• PROBLEM STATEMENT:
After locating the line that contains "Girls Orient Express" in the data below, set down exactly that line and each one after it through the line that contains "Medieval Padded Gambeson Black Full Sleeves", and nothing more.

= = = = = = =

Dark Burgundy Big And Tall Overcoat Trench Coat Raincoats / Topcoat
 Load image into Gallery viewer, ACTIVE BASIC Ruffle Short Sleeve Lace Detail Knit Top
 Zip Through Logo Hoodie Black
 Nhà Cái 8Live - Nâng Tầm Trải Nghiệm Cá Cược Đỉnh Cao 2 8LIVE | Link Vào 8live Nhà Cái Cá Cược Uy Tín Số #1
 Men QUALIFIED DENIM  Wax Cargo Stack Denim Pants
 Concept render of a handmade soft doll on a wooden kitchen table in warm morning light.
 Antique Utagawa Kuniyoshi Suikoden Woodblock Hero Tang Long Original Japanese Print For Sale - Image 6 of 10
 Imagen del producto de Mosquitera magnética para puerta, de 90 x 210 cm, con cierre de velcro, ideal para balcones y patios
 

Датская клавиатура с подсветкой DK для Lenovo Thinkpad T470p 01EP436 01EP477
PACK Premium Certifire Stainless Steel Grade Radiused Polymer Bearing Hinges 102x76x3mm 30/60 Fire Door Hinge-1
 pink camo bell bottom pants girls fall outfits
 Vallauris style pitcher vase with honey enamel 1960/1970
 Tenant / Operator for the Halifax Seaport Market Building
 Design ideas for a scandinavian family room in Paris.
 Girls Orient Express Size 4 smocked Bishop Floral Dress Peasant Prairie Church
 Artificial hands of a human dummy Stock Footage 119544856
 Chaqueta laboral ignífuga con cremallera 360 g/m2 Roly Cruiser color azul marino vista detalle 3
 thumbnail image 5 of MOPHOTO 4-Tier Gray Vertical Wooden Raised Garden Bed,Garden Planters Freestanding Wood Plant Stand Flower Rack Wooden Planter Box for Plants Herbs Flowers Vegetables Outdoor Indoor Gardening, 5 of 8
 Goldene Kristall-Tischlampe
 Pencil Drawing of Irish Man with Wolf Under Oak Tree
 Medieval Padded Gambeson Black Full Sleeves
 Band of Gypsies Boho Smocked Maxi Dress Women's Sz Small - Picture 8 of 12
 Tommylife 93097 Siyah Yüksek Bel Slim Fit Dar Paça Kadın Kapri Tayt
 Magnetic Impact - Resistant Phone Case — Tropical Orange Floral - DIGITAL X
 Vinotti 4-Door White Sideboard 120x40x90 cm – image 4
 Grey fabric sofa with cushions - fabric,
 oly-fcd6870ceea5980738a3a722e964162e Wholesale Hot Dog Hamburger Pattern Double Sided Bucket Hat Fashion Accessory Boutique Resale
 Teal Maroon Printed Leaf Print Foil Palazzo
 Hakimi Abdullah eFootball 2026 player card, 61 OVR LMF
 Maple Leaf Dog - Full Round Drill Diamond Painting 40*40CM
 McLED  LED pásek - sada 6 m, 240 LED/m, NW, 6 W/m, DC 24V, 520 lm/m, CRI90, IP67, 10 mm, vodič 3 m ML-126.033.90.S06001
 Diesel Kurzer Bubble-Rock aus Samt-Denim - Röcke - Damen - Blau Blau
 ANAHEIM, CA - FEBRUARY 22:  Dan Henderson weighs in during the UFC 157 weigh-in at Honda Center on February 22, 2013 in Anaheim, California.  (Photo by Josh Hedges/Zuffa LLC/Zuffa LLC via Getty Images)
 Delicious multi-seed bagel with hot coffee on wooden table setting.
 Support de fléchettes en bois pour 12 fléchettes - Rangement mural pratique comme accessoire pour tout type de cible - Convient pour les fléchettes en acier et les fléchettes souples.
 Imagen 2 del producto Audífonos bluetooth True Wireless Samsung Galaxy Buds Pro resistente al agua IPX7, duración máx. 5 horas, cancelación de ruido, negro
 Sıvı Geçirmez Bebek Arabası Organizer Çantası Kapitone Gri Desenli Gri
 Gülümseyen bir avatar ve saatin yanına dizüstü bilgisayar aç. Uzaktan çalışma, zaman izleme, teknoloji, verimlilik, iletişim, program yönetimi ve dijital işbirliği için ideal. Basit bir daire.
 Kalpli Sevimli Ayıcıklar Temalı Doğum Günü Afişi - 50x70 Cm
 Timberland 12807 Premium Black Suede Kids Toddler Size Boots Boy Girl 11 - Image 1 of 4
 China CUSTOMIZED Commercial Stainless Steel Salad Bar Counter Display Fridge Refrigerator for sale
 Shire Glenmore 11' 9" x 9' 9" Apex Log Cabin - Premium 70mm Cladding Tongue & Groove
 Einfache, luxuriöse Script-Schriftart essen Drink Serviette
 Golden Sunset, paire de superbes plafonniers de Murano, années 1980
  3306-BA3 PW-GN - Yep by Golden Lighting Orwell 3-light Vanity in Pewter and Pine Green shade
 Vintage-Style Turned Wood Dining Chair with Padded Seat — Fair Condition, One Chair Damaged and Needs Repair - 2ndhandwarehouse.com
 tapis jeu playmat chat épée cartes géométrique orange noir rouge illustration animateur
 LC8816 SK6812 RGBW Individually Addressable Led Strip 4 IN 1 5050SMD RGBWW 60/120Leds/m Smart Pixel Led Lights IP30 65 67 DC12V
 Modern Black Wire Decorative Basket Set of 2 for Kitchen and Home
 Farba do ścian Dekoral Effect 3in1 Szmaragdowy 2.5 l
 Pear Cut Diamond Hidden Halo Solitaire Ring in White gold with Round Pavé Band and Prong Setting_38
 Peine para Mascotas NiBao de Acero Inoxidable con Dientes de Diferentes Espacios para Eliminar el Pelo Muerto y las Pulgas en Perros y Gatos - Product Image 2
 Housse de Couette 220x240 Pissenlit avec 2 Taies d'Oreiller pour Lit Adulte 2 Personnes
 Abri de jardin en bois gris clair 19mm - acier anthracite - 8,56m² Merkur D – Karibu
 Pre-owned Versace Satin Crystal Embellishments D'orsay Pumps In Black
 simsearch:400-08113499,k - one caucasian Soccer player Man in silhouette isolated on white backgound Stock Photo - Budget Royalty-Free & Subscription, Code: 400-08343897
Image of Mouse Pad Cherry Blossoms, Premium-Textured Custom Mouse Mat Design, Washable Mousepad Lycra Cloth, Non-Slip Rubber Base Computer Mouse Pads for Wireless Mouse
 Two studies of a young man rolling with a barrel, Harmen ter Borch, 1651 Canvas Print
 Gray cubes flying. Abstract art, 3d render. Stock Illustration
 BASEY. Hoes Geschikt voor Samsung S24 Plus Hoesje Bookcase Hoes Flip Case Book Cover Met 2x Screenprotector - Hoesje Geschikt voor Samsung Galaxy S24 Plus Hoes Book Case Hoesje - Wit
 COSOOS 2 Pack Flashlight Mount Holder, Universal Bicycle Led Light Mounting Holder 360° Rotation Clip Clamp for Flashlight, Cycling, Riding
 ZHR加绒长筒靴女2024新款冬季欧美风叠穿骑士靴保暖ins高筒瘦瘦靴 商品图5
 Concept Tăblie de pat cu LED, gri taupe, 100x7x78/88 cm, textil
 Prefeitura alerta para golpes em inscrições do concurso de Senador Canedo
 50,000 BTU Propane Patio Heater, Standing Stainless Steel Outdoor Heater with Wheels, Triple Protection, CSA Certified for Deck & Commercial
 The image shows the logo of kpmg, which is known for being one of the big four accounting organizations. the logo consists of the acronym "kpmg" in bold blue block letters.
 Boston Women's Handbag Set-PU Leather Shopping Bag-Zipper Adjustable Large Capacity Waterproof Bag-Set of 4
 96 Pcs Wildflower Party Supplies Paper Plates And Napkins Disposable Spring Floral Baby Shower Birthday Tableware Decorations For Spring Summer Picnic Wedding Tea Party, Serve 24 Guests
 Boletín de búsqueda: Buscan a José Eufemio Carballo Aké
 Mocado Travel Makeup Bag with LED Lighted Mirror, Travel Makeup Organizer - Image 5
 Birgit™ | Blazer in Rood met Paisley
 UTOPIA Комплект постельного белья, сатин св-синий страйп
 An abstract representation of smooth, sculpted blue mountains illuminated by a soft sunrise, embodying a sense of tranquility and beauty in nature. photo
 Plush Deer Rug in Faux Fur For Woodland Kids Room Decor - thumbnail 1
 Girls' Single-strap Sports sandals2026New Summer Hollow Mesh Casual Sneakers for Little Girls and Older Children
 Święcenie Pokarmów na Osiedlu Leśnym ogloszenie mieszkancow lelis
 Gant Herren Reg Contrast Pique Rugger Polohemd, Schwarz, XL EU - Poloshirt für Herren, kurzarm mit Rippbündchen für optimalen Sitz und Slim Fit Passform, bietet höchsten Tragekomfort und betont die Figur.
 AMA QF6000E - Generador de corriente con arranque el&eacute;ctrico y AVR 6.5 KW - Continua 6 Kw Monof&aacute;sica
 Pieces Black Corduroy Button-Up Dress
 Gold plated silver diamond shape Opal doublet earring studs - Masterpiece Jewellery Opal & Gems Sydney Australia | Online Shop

= = = = = = =

• ANSWER SPACE:
 Girls Orient Express Size 4 smocked Bishop Floral Dress Peasant Prairie Church
 Artificial hands of a human dummy Stock Footage 119544856
 Chaqueta laboral ignífuga con cremallera 360 g/m2 Roly Cruiser color azul marino vista detalle 3
 thumbnail image 5 of MOPHOTO 4-Tier Gray Vertical Wooden Raised Garden Bed,Garden Planters Freestanding Wood Plant Stand Flower Rack Wooden Planter Box for Plants Herbs Flowers Vegetables Outdoor Indoor Gardening, 5 of 8
 Goldene Kristall-Tischlampe
 Pencil Drawing of Irish Man with Wolf Under Oak Tree
 Medieval Padded Gambeson Black Full Sleeves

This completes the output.